All pictures should be dropped, and only the lines from the top of the entries below through the line containing "Surprised Boy Illustration" repeated exactly, both ends included.

*** Opening of Given records ***

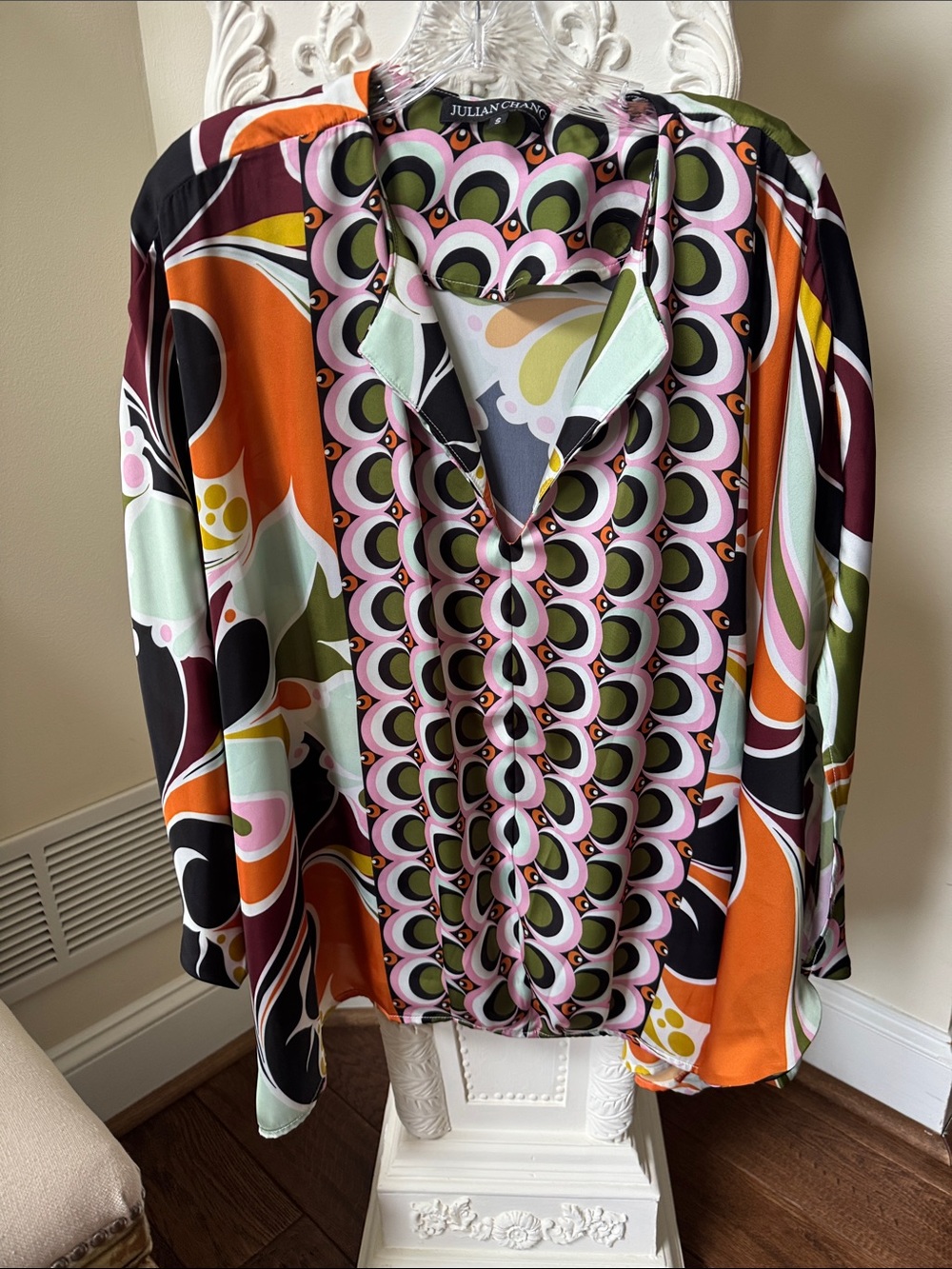 Julian Chang Retro Geometric Shirt in Multi-Color Oversized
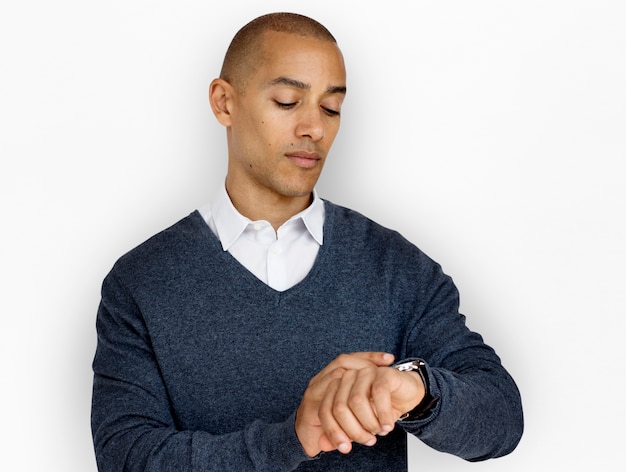 African Descent Man Checking Watch Concept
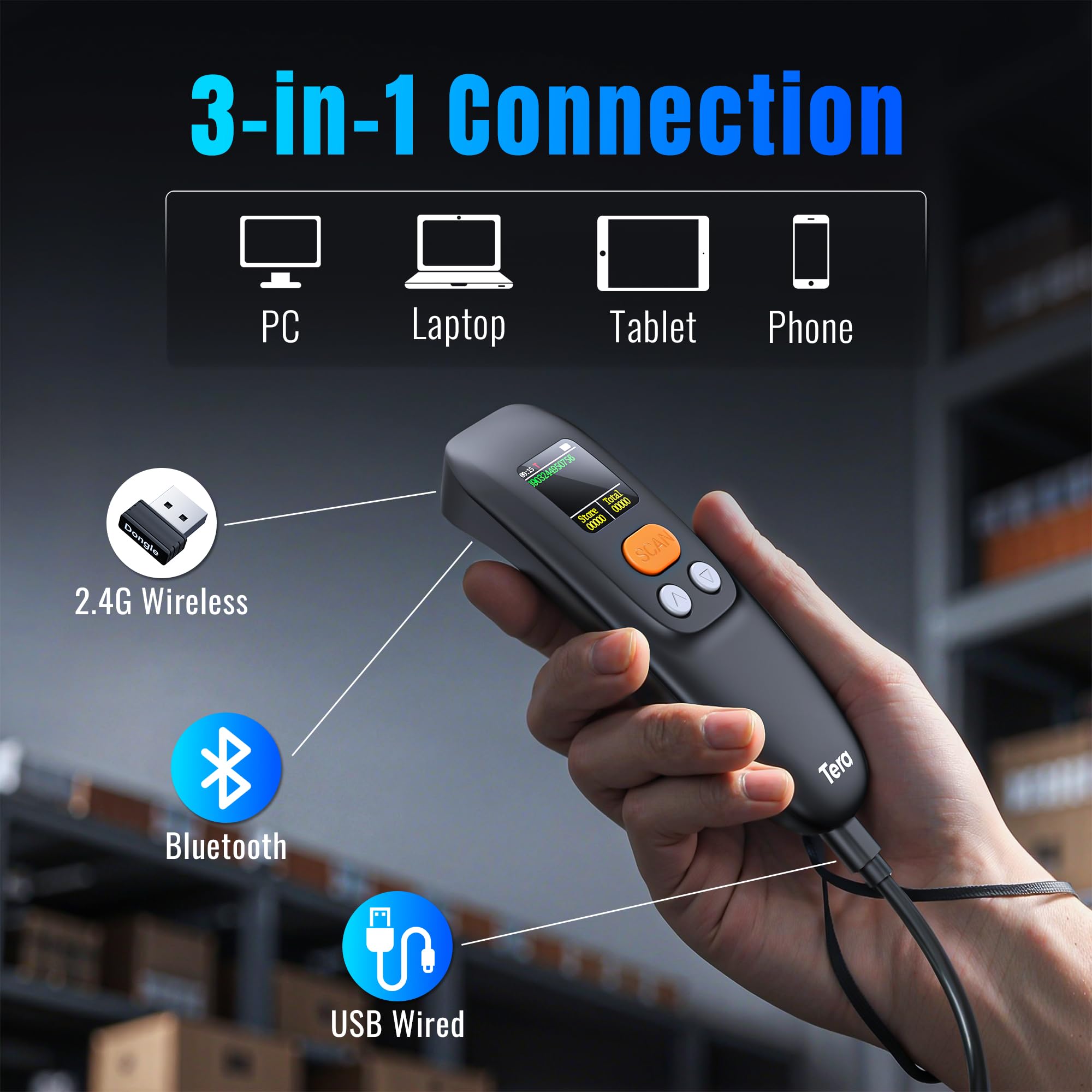 Tera Tragbar Barcode Scanner Mini: 1D 2D QR 1200mAh Akku mit Taste 1.4" Display & Ladestation Handheld Code Reader, mit Bluetooth 2.4G Kabellos & USB für POS Kassensystem Lager Einzelhandel Büro 1600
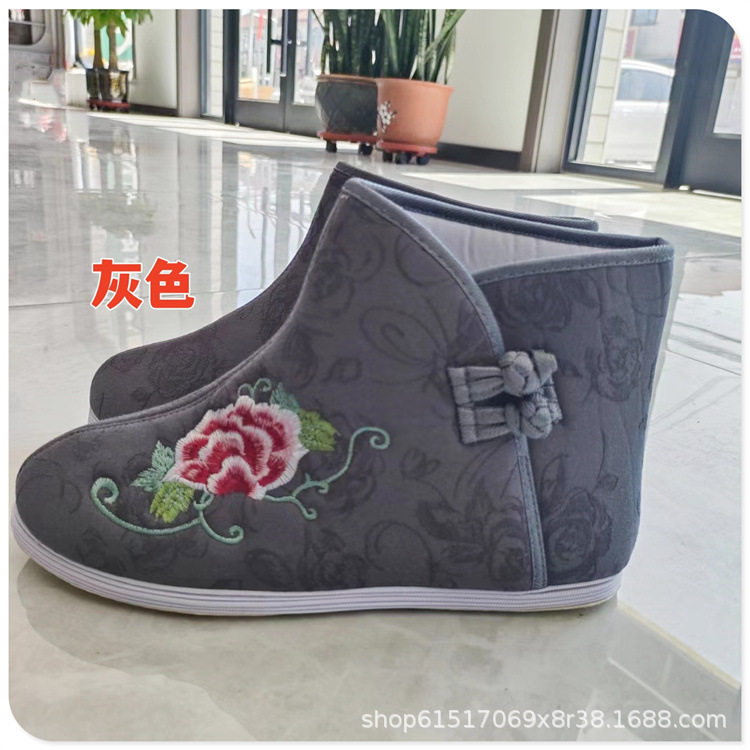 新款寿鞋女款绣花棉靴多色手纳荷花底棉鞋寿衣配件鞋子靴子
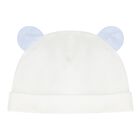 طقم هدايا ملابس أطفال قطنية باللونين العاجي والأزرق, 1, hi-res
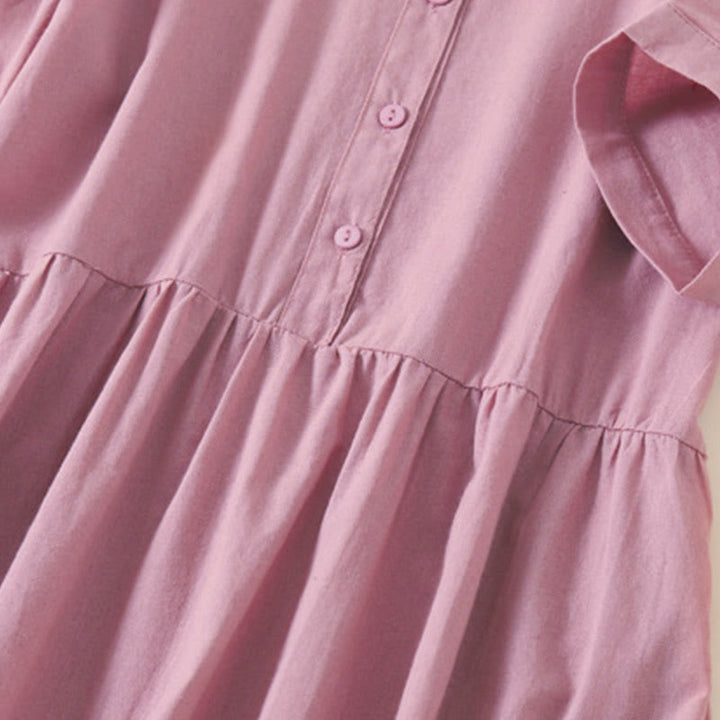Buddha Stones Summer Buttons Design Short Sleeve Cotton Linen Midi Dress With Pockets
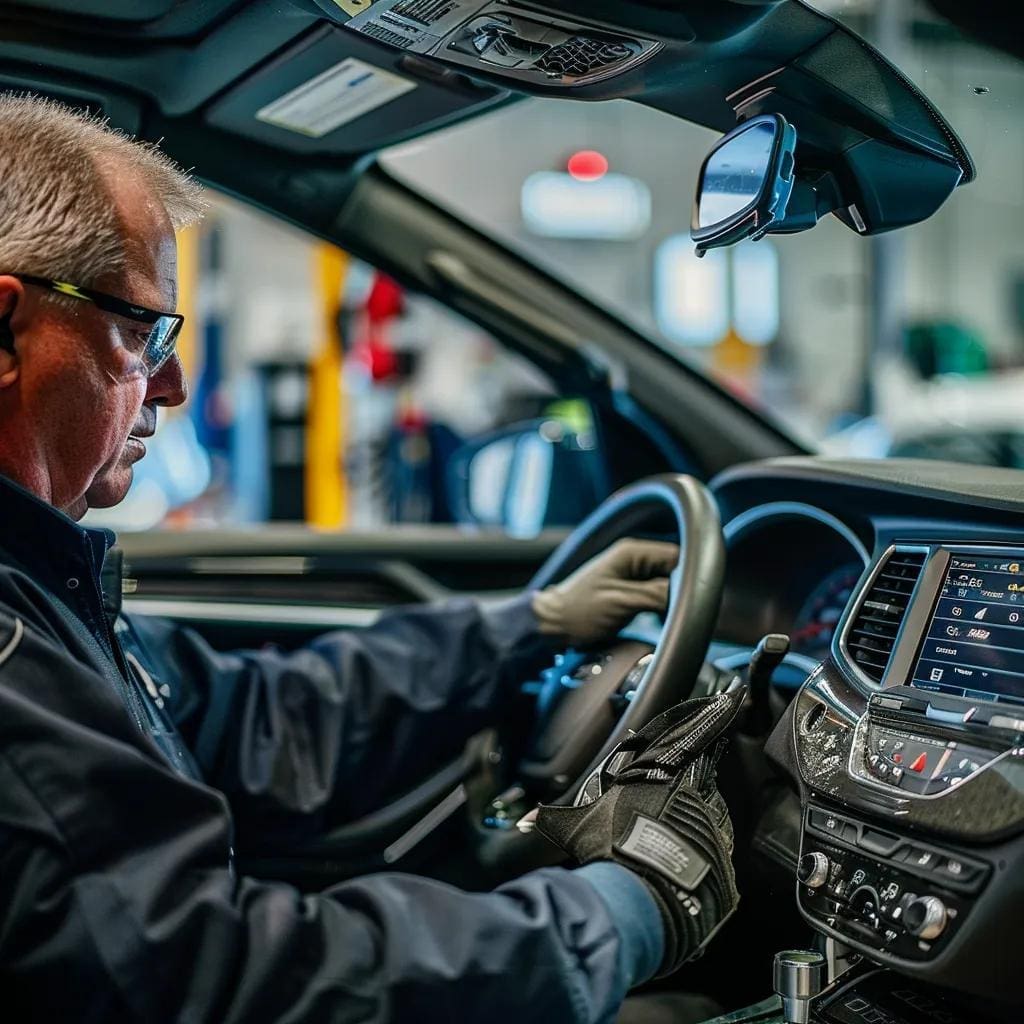 Technician performing ADAS recalibration on a vehicle, illustrating the importance of safety systems in windshield replacement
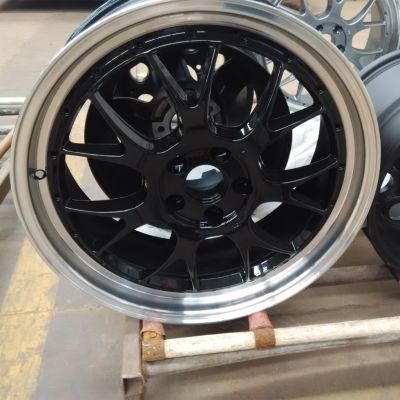 China Superior Quality Gold Machined Lip Passenger Car Wheels Black Machined Face Aluminum Alloy Wheels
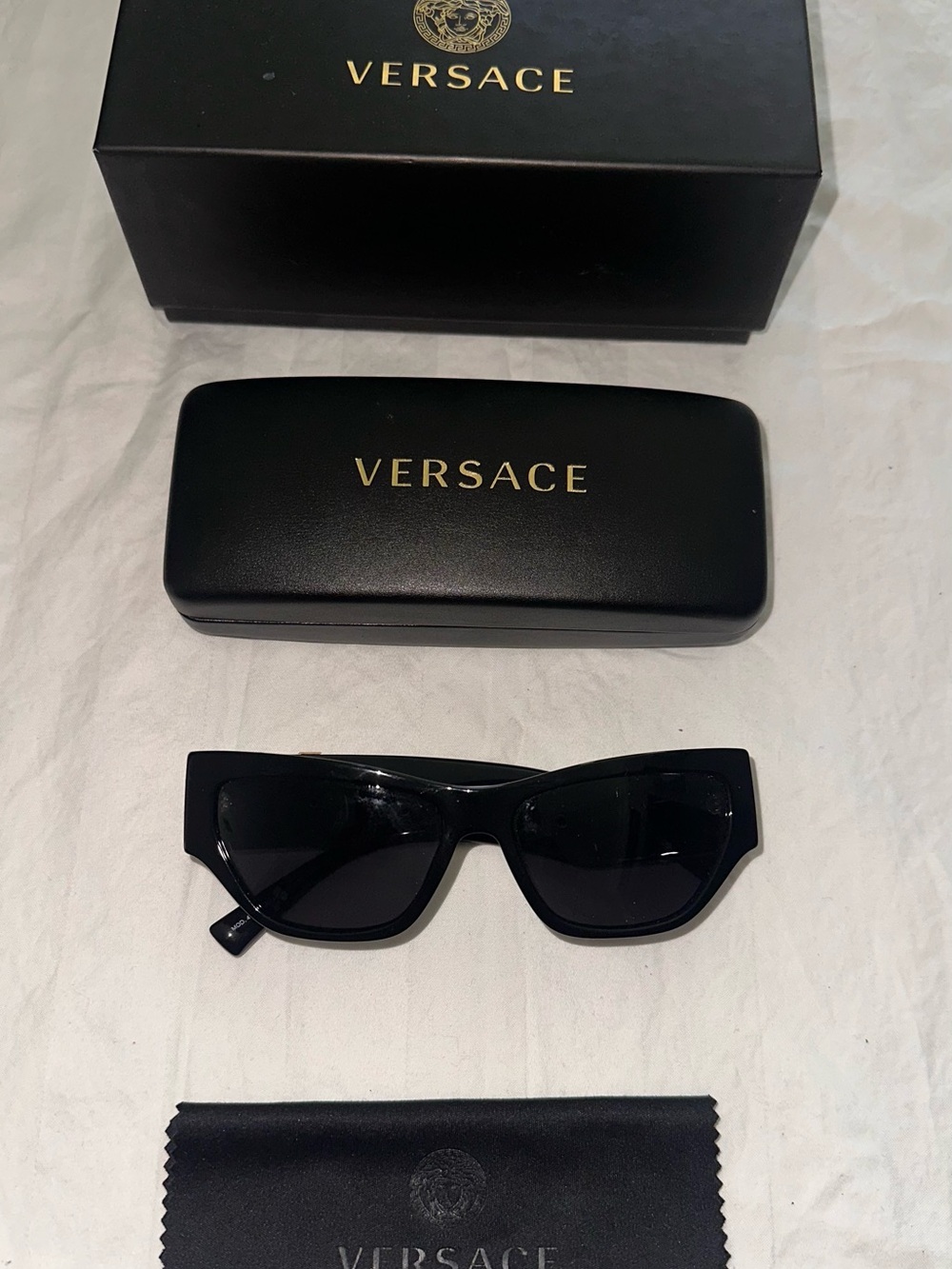 New Versace Black Sunglasses - Bold Rectangle Frame
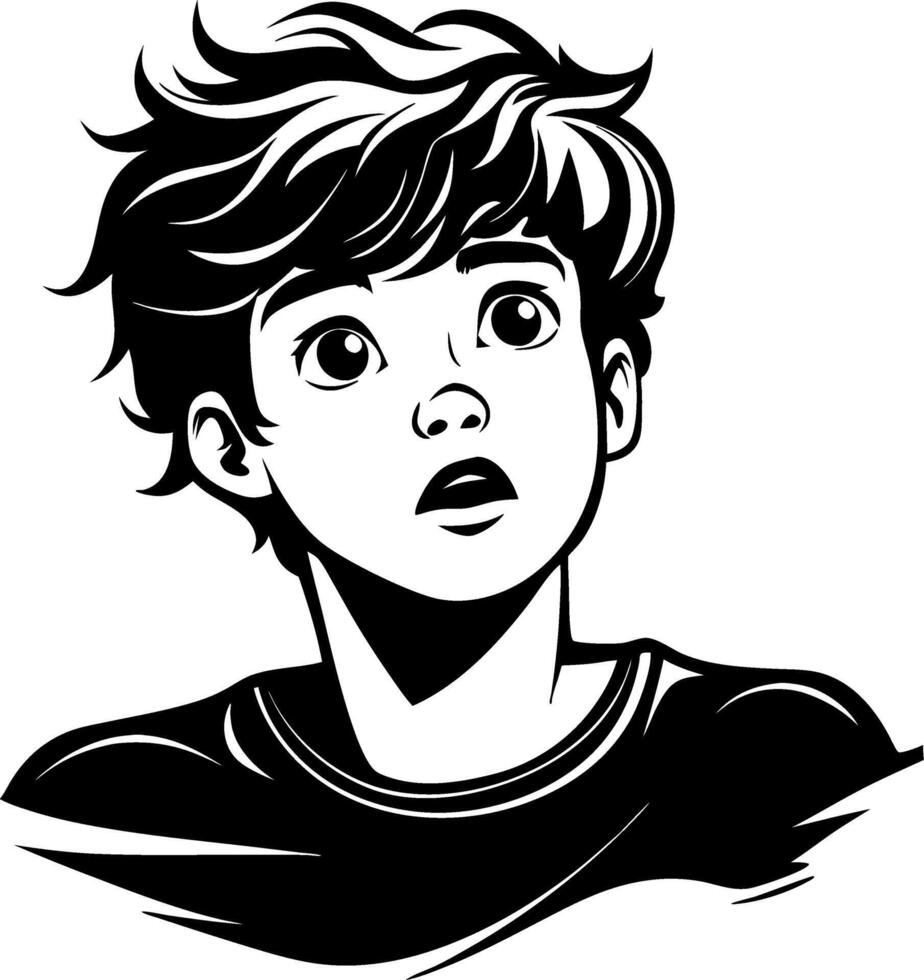 Surprised Boy Illustration with Expressive Features for Creative Projects vector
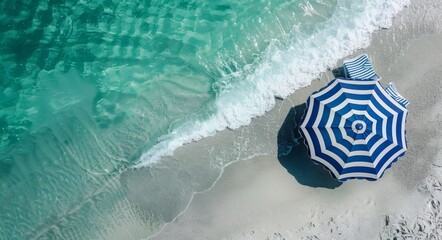 Wall Mural - Beach scene with umbrella, chair, and float on sandy shore. It is a vacation concept. Stock artificial intelligence.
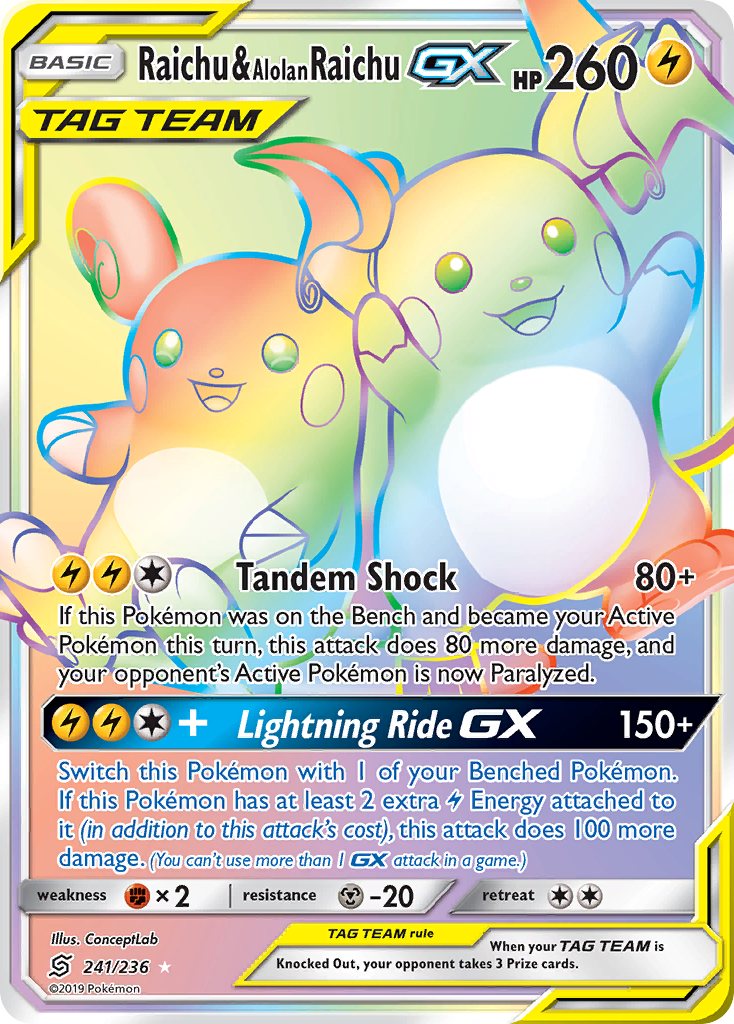 Raichu & Alolan Raichu-GX (241/236)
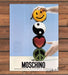 Moschino Round Purses Smiley Face Yin Yang Heart Peace Sign Print Ad 1997 1990s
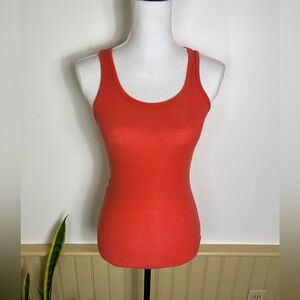 Vintage Aeropostale Ribbed Tank Top S Y2K Orange Stretch 90s 00s Preppy Layer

*** Close of Given records ***

* _Answer to the problem_:
 Julian Chang Retro Geometric Shirt in Multi-Color Oversized
 African Descent Man Checking Watch Concept
 Tera Tragbar Barcode Scanner Mini: 1D 2D QR 1200mAh Akku mit Taste 1.4" Display & Ladestation Handheld Code Reader, mit Bluetooth 2.4G Kabellos & USB für POS Kassensystem Lager Einzelhandel Büro 1600
 新款寿鞋女款绣花棉靴多色手纳荷花底棉鞋寿衣配件鞋子靴子
 طقم هدايا ملابس أطفال قطنية باللونين العاجي والأزرق, 1, hi-res
Buddha Stones Summer Buttons Design Short Sleeve Cotton Linen Midi Dress With Pockets
 Technician performing ADAS recalibration on a vehicle, illustrating the importance of safety systems in windshield replacement
 China Superior Quality Gold Machined Lip Passenger Car Wheels Black Machined Face Aluminum Alloy Wheels
 New Versace Black Sunglasses - Bold Rectangle Frame
 Surprised Boy Illustration with Expressive Features for Creative Projects vector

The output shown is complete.